At this point, it doesn’t matter how many incredibly dumb things he says. Darren McFadden is nursing a hamstring injury, and Dallas still hasn’t brought in any other running back help. By default, this is Randle’s job. Mark it down.

Also by default, anyone running behind that Dallas offensive line will be worth watching. But Randle, in particular, has a knack for ripping off big gains, and that goes back to his time at Oklahoma State. He averaged 6.7 yards per carry for Dallas last season, and even though it seemed like he received plenty of garbage-time action, he carried the ball only 51 times. Also, we, um, don’t have an unlimited budget, so Randle and the Cowboys O-line promise the most potential enjoyment for a reasonably low price.

And Todd Gurley!

A force-of-nature running back at the height of his powers is still unlike anything else in football. The most recent example that comes to mind is Adrian Peterson ripping off an 82-yard touchdown in St. Louis the year he won the MVP. While watching it happen, I couldn’t do anything but laugh. He put his foot into the ground, shredded through a couple of arm tackles, and game over.

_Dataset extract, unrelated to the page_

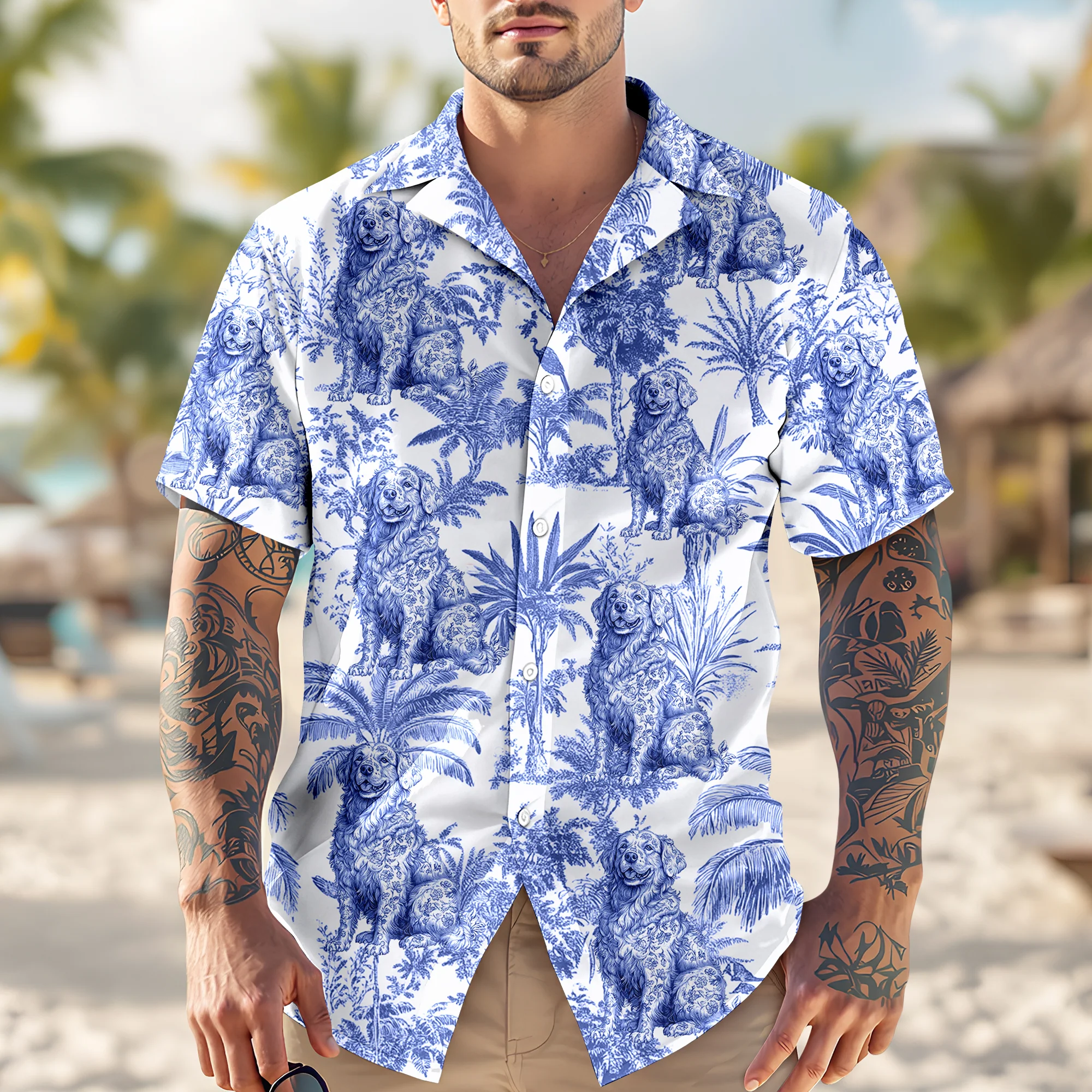 Custom Dog Breeds Chinoiserie Toile De Jouy Style Personalized Hawaiian Shirt HA75 892544 - Image 2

The majority of NFL running backs can essentially be interchanged with each other — their success or failure depends on the offensive line in front of them. Of all the running backs I’ve watched, only a handful ever truly became appointment television, their every carry worth watching because there was just no telling what could happen. At his best, Peterson fits that description. LaDainian Tomlinson did. Marshall Faulk could be that in his own way, and Marshawn Lynch can, too.

I don’t know if Gurley will ever get there, but if the flashes we saw in college are any indication, he has a chance to come close. He’s a 225-pound terror who’s just as happy to put you into the ground as he is to outrun you. When it comes to raw talent, this dude is scary as hell. After all, running backs coming off a torn ACL don’t get drafted 10th overall unless they’re special.

As a rule of thumb: If the word “special” can reasonably be used to describe a football player, we want him on this fantasy team.